Exercise directions
Please write each record out again word for word.
• • • • • • •
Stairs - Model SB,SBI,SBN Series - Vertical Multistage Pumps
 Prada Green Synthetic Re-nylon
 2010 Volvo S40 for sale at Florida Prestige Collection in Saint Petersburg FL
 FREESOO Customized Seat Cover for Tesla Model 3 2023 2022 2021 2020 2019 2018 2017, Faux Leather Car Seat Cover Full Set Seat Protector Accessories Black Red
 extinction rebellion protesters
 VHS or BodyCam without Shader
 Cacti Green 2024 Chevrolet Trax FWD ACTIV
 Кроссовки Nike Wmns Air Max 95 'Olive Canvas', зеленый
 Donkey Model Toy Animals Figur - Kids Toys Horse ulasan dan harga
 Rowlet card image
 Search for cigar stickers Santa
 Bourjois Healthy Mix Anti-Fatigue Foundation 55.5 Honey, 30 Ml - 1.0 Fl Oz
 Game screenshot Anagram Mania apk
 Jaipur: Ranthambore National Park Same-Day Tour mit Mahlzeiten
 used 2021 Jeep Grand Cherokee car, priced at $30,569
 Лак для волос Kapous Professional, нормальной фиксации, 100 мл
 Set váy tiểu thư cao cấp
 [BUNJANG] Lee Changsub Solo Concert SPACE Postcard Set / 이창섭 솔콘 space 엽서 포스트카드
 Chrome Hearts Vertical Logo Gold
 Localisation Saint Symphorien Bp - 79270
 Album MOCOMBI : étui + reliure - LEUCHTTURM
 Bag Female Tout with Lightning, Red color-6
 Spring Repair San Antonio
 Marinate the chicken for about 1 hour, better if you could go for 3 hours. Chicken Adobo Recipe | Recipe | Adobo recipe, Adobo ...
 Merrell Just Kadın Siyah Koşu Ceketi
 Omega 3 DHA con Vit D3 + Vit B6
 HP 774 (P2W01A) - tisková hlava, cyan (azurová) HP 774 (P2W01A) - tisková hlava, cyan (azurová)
• • • • • • •
Task result
Stairs - Model SB,SBI,SBN Series - Vertical Multistage Pumps
 Prada Green Synthetic Re-nylon
 2010 Volvo S40 for sale at Florida Prestige Collection in Saint Petersburg FL
 FREESOO Customized Seat Cover for Tesla Model 3 2023 2022 2021 2020 2019 2018 2017, Faux Leather Car Seat Cover Full Set Seat Protector Accessories Black Red
 extinction rebellion protesters
 VHS or BodyCam without Shader
 Cacti Green 2024 Chevrolet Trax FWD ACTIV
 Кроссовки Nike Wmns Air Max 95 'Olive Canvas', зеленый
 Donkey Model Toy Animals Figur - Kids Toys Horse ulasan dan harga
 Rowlet card image
 Search for cigar stickers Santa
 Bourjois Healthy Mix Anti-Fatigue Foundation 55.5 Honey, 30 Ml - 1.0 Fl Oz
 Game screenshot Anagram Mania apk
 Jaipur: Ranthambore National Park Same-Day Tour mit Mahlzeiten
 used 2021 Jeep Grand Cherokee car, priced at $30,569
 Лак для волос Kapous Professional, нормальной фиксации, 100 мл
 Set váy tiểu thư cao cấp
 [BUNJANG] Lee Changsub Solo Concert SPACE Postcard Set / 이창섭 솔콘 space 엽서 포스트카드
 Chrome Hearts Vertical Logo Gold
 Localisation Saint Symphorien Bp - 79270
 Album MOCOMBI : étui + reliure - LEUCHTTURM
 Bag Female Tout with Lightning, Red color-6
 Spring Repair San Antonio
 Marinate the chicken for about 1 hour, better if you could go for 3 hours. Chicken Adobo Recipe | Recipe | Adobo recipe, Adobo ...
 Merrell Just Kadın Siyah Koşu Ceketi
 Omega 3 DHA con Vit D3 + Vit B6
 HP 774 (P2W01A) - tisková hlava, cyan (azurová) HP 774 (P2W01A) - tisková hlava, cyan (azurová)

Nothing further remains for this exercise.